Navigating the documentation#

This project implements data processing, data storage and metadata extraction, with the end result being an index that can be used for complex searches.

Collections#

Data processed by this service is split into Collections, which store their data in instances of databases of various types. See the snoop.data.collections module for more details.

SQL Database#

For each collection, the database models defined in snoop.data.models are deployed in a separate database for it. The structures defined here are mapped by Django ORM to SQL; we currently use PostgresQL as a backend.

Blobs / object storage#

The rows in snoop.data.models.Blob have their data stored in a separate object storage (now just some files on disk). Since the primary key is extracted from the content hash, this table de-duplicates all data in the collection, both for input data, and also for intermediary and output data.

Elasticsearch Index#

The results of the metadata extraction are sent to Elasticsearch for searching The searching itself is not handled on this service. See snoop.data.indexing for the details on Elasticsearch data mapping, and the implementation of indexing.

Tasks#

Work done by this service is tracked and scheduled using an improvised system for running directed acyclic graphs (DAGs) of idempotent tasks.

Ingestion and archive extraction tasks#

The data processing pipeline starts in snoop.data.filesystem with tasks that walk directories, extract archives and extract attachments from their emails. Documents may also be converted into more usable formats here.

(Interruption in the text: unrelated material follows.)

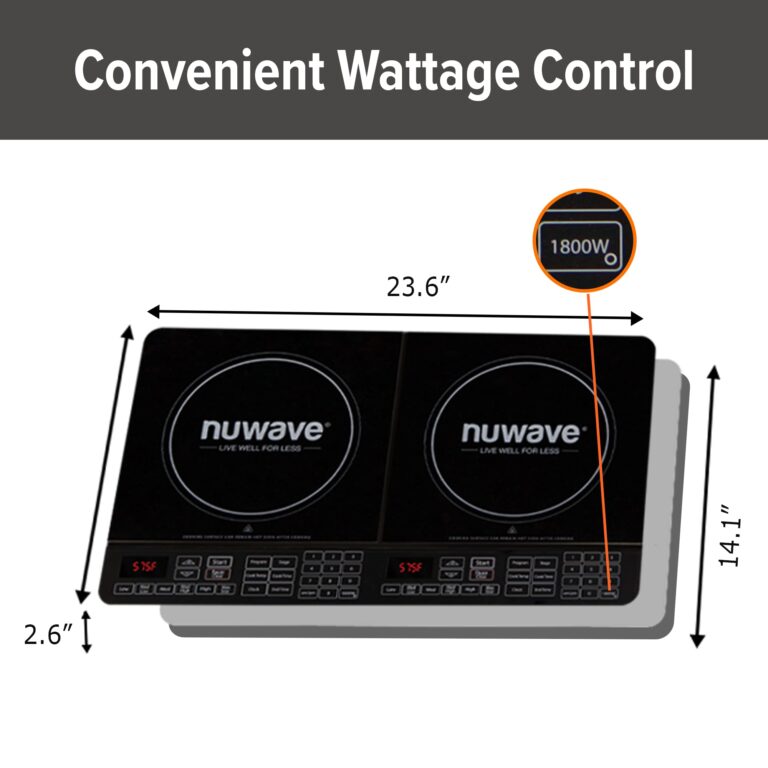 Nuwave Double Induction Cooktop, Powerful 1800W, 2 Large 8” Heating Coils, Independent Controls, 94 Temp Settings from 100°F to 575°F in 5°F Increments, 2 x 11.5” Shatter-Proof Ceramic Glass Surface - Image 6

Document processing and metadata extraction tasks#

With the de-duplicated documents identified from the previous step, further processing is done in snoop.data.digests. Tasks run here are only concerned with extracting metadata from a single document, and then making it available through search and API. The snoop.data.digests.launch task schedules more tasks from snoop.data.analyzers to run, and then another task snoop.data.digests.gather combines their results.

Indexing tasks#

After snoop.data.digests.gather finishes running, its result is stored as the Digest result. The last task in the chain, snoop.data.digests.index, uploads this result to elasticsearch.

The results are stored as Blobs for easy re-indexing and fast API response times.

Django#

We use tend to use Django framework to its fullest, so all usual conventions apply here:

Scripts are called management commands and are run with ./manage.py.
URL routes are in snoop.urls and snoop.data.urls.
Settings are in snoop.defaultsettings.